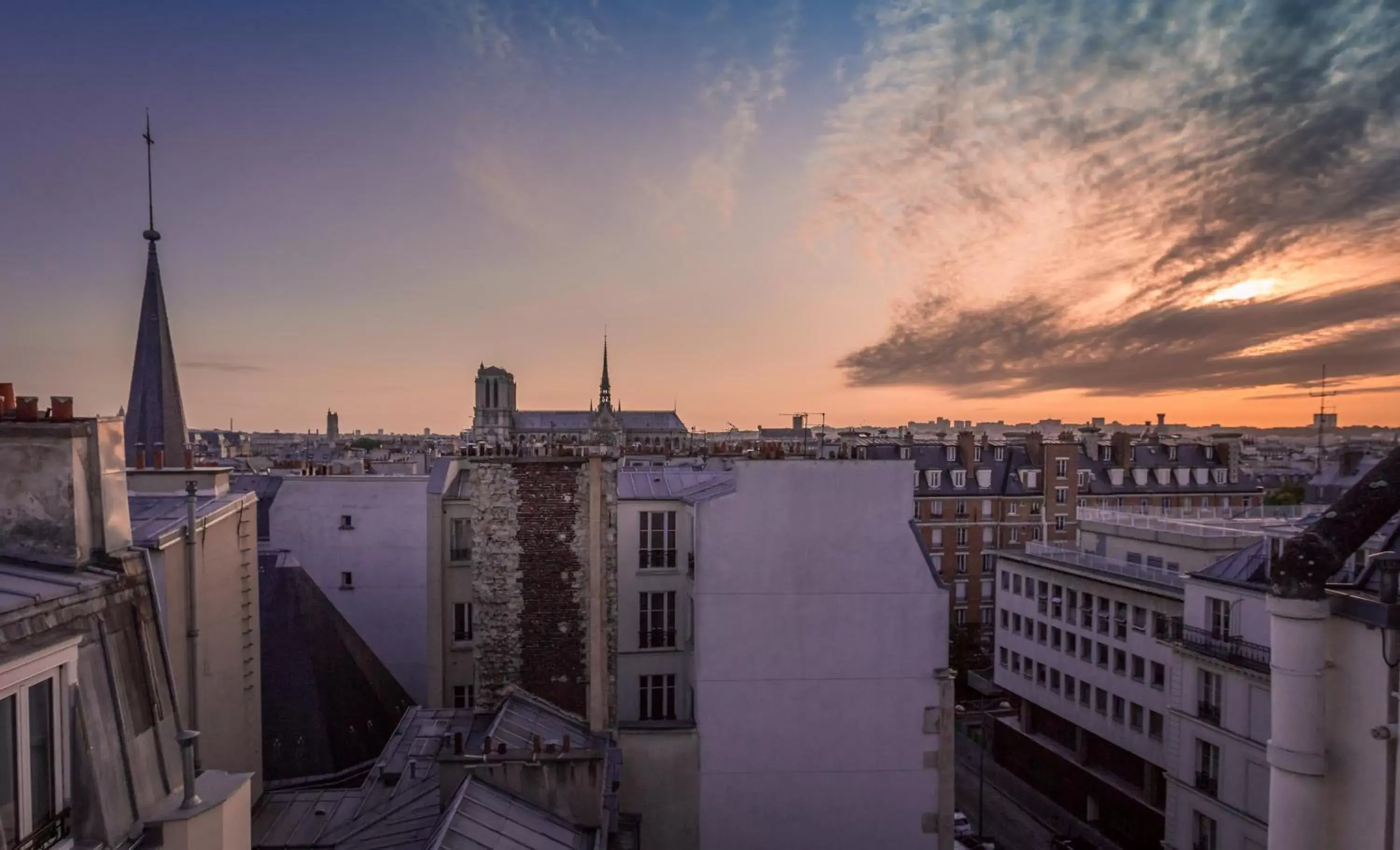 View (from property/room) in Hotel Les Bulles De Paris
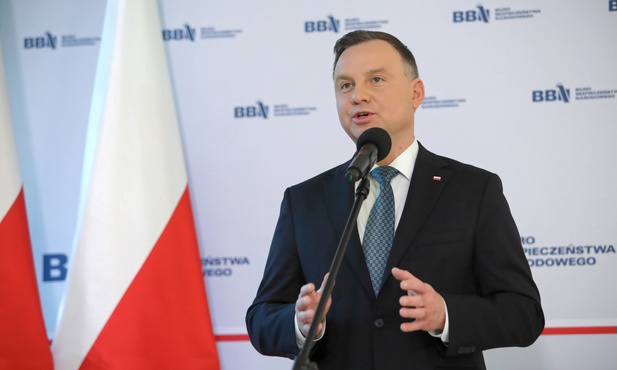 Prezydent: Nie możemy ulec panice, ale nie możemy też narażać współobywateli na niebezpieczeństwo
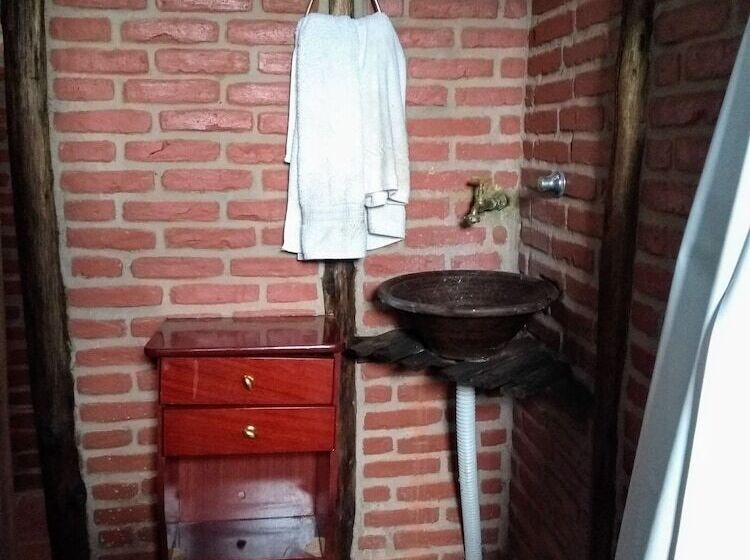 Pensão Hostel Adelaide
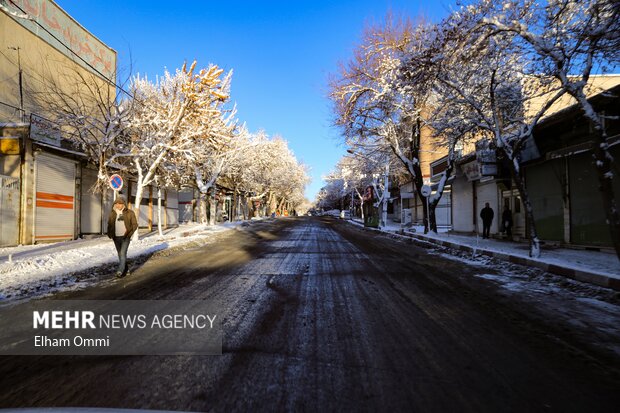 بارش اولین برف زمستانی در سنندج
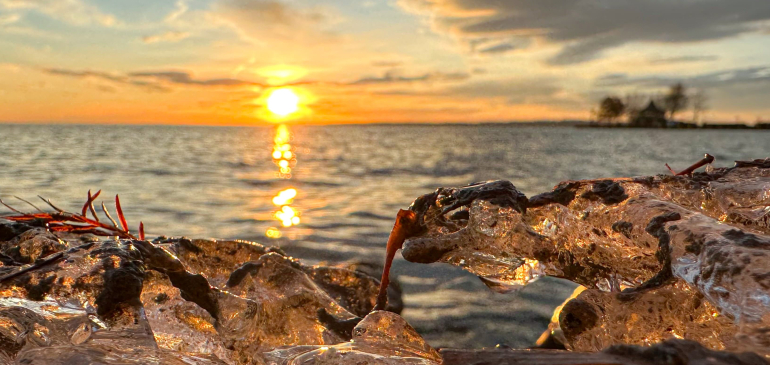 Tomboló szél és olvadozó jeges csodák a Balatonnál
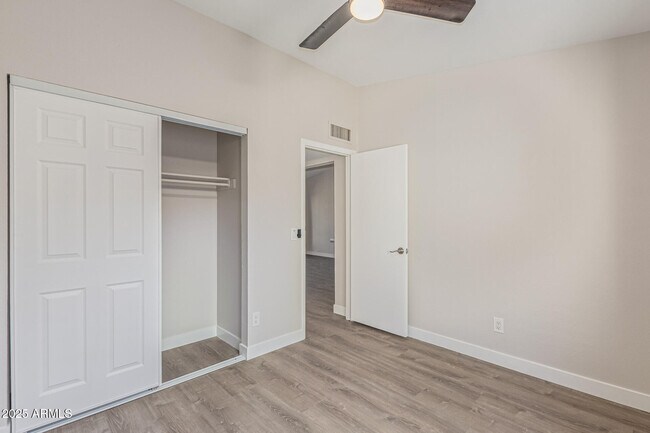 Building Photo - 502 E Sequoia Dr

* * *

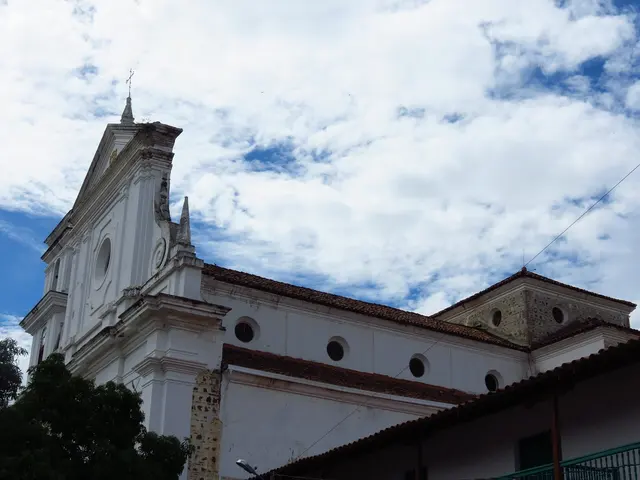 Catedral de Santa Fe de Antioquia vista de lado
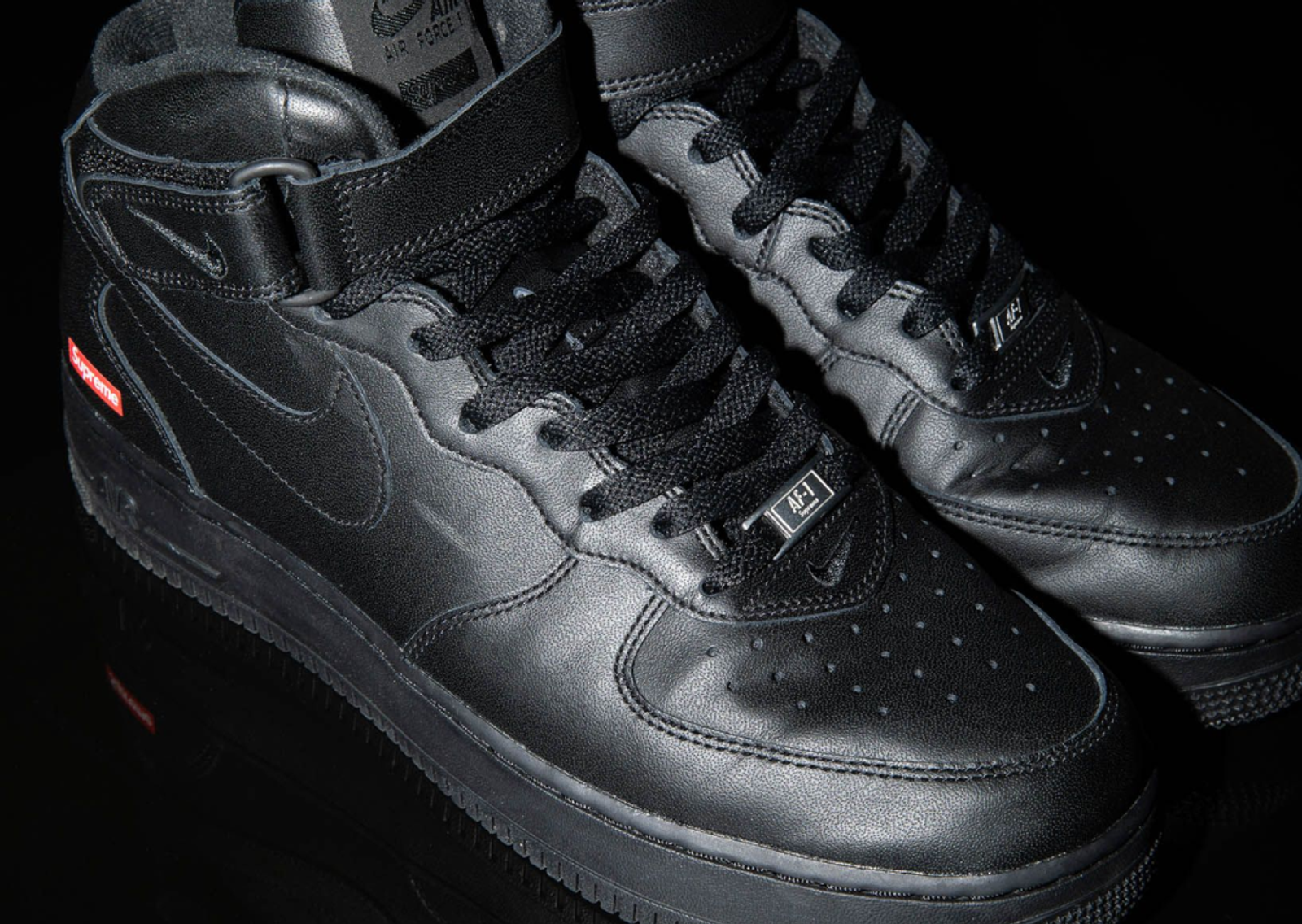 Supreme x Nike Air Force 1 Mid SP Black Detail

[What you will do] Within the listing above, the stretch from the line with "View (from property/room)" down to the line with "Building Photo - 502 E Sequoia Dr" is to be given again exactly, end lines included and pictures excluded.

[Answer section]
 View (from property/room) in Hotel Les Bulles De Paris
 Prezydent: Nie możemy ulec panice, ale nie możemy też narażać współobywateli na niebezpieczeństwo
 Pensão Hostel Adelaide
 بارش اولین برف زمستانی در سنندج
 Tomboló szél és olvadozó jeges csodák a Balatonnál
 Building Photo - 502 E Sequoia Dr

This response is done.